BACKGROUND
Genome wide knockout screens can be used to elucidate genetic pathways and identify novel drug targets. They work by analyzing the impact of gene inactivation on a measured physiological readout, such as cell survival. CRISPR-Cas9 is a simple and effective tool used to disrupt single genes on a large scale. However, generating the necessary pooled libraries to simultaneously inactivate two or more genes (i.e. double knockout) is challenging. Furthermore, other limitations that impact its efficiency exist, such as recombination between duplicated promoters and expression cassettes. Cas12a has been proposed as an attractive alternative to Cas9 as its intrinsic RNAase activity can be used to generate multiple distinct gRNAs from a single concatemer. However, it too has its deficiencies, such as a low double knockout efficiency (<15%). Thus, there is a need for improved techniques to probe genetic interactions (GIs) between two or more gene participants.
TECHNOLOGY
Inventors at the University of Toronto have engineered a new hybrid CRISPR system (Cas Hybrid for Multiplexed Editing and screening Applications or CHyMErA) that is based on the dual expression of the two orthogonal Cas nucleases Cas9 and Cas12a and the delivery of hybrid guide RNA (hgRNA) libraries (Figure 1). The hybrid system combines the DNA editing activity of Cas9 and Cas12a together with the RNA processing activity of Cas12a, which allows mature Cas9 and Cas12a guide RNAs to be generated from a single hgRNA template (Figure 1). With this technique, pooled libraries can be easily generated for higher-efficiency knockouts of a single gene or of multiple genes, with the latter enabling better screening of interactions between two or more genes.

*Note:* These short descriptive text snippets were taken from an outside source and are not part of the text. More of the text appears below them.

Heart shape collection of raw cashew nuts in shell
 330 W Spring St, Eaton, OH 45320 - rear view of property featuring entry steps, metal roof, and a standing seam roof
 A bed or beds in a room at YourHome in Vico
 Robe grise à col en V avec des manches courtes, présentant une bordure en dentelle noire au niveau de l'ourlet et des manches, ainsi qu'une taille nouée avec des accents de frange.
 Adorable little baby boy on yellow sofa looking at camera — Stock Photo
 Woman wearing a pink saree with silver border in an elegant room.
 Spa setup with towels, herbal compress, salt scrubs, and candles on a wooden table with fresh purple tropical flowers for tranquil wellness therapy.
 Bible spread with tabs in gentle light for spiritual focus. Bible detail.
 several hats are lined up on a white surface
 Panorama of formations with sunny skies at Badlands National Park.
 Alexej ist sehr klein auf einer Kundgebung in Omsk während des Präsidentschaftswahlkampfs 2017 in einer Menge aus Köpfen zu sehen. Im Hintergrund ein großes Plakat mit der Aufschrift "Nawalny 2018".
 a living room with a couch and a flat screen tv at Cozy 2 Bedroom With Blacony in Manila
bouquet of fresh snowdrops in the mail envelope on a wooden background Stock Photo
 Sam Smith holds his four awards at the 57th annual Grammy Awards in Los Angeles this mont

Figure 1. Overview of CHyMErA. A hgRNA consisting of a fusion of Cas9 and Cas12a gRNAs is expressed under a single U6 promoter. Cas12a RNA processing activity cleaves hgRNA to generate functional Cas9 and Cas12a gRNAs. The separated gRNAs can each pair with their corresponding proteins (Cas9/Cas12a) to target two separated genes for knockout. This technique can be used to generate pooled libraries for genome-wide screening of genetic interactions.
COMPETITIVE ADVANTAGE
- Outperforms genetic screens using Cas9 or Cas12a (Figure 2)
- Cas12a gRNA optimization
- Machine learning-optimized libraries of hybrid Cas9-Cas12a guide RNAs for enhanced binding efficiency
INTELLECTUAL PROPERTY STATUS
- PCT filed (Jun 2020; WO2020240523A1)
PROJECT STATUS
The CHyMErA system has been developed and comparatively tested to Cas9 and Cas12a systems for exon deletion efficiency (Figure 2). Deep learning was used to optimize Cas12a gRNAs for more efficient performance. Two pooled libraries have been generated: a paralog and dual-targeting library, and an exon-deletion library (Addgene).
Figure 2. High efficiency exon deletion using CHyMErA over Cas9 and Cas12a. PCR assay monitoring of exon deletion efficiency using paired Cas9 intronic guides (left), paired Cas12a intronic guides (middle) or CHyMErA (right). Efficiency of exon deletion is given below each lane.